Upon its release in 2002 28 Days Later was a modest success, grossing $80 million on a budget of $8 million. With its gritty, punky, video aesthetic and character driven story (not to mention fast-zombies!) it helped revive the ‘zombie’ genre. Though its director Danny Boyle does not consider it to be a zombie film, its influence on that genre of film (and television) over the next decade or so is clear. 2007’s 28 Weeks Later could not continue the quality of the first one, an attempt at being Aliens to 28 Days’ Alien. But the love for 28 Days endured on despite this, hence a sequel.
One might assume, particularly in the current milieu of Hollywood releases, that a sequel made so long after the previous instalment would have one thing on its mind: money. But the film certainly does not come across like that. It may well make plenty of money, but that is clearly not primary in the thoughts of the film’s creative forces. Alex Garland, who wrote the first one, and Danny Boyle, who directed the first one, have collaborated once again and in some ways this film does feel like a spiritual successor to 28 Days.
28 Years Later is packed with ideas, there are so many sometimes one is not sure what to do with all of them. There are plenty of theological allusions, ‘family’ exists at the heart of the film (unfortunately, no Vin Diesel), we get monologues on Death, and interesting period-British iconography. It may be a little overfull, and other topics are brought up and left less explored, like what strange society the rage-induced seem to have created, but in general the topics all fit in to the fundamental journey, in true coming-of-age fashion, of Spike (Alfie Williams). Williams is excellent in the lead role and at no moment falters. To carry a film on your shoulders like this is a tough ask and he certainly rises to the challenge. It is through his eyes that we see the world.
On the island off the island of Great Britain, where Spike resides, there is a community of survivors that in their depiction is harkening back to some post-war Britain. Images of Queen Elizabeth II adorn the village hall, which is itself immediately recognizable to any Brit, as a rural village staple. There is something here about a retreat to the past when there is no immediate future, or at least no discernible one. We get the sense that they are surviving, but just about. That hard choices lay ahead. But Spike is seemingly oblivious to this, at least at the beginning of the film.

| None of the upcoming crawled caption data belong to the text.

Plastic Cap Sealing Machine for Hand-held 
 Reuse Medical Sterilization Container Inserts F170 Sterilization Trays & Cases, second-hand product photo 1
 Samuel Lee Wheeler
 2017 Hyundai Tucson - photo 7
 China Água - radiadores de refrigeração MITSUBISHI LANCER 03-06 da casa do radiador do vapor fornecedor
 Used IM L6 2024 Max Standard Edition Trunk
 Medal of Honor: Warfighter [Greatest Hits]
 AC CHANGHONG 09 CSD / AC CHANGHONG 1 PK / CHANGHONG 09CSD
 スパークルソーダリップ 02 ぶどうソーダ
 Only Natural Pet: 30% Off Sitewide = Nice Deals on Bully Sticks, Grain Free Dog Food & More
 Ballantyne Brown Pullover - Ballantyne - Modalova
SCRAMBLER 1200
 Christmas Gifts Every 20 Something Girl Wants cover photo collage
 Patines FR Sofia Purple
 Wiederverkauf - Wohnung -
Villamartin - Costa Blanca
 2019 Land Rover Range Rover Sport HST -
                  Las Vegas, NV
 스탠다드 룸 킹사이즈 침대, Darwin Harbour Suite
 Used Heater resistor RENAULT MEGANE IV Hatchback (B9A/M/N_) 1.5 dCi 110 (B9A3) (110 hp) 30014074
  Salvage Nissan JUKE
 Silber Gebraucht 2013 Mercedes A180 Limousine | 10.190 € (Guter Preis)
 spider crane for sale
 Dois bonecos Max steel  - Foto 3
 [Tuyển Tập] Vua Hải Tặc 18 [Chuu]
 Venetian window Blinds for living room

As events unfold, he becomes sceptical firstly of his father (Aaron Taylor-Johnson), and thusly of the community as a whole. On his journey (literal and figurative) he meets the strange Dr. Kelson (Ralph Fiennes) who is busy compiling a temple of skulls. This is some of the film’s most potent imagery, a temple of bones surrounded by these large threatening spikes in the ground. Kelson has made it his duty to maintain a reverence of life through the continual acknowledgment of death. And death is something that Spike soon has to intimately grapple with.
Boyle imbues all of this with his typical energetic style. The camera cuts rapidly and moves and shakes as it wants. It is shot in very mobile fashion (haha), almost jarringly so. And there are moments of startling use of colour, like the bizarre red-hued night scenes in which the rageful engage in their ritual feasting. And as was the centrepiece of the marketing, Taylor Holmes’ rendition of Kipling’s ‘Boots’ is haunting and evocative of something truly disturbing. It is matched with images of past wars, particularly of the medieval era, comparing a certain picture of England with the post-apocalyptic land it now is.
The film is often bizarre but with just about enough self-control to stay on the right tracks. And it is a ‘mainstream’ film that is trying something, that possess its own style and its own substance. I appreciated it for that fact alone, the fact that it mostly succeeds is just a bonus.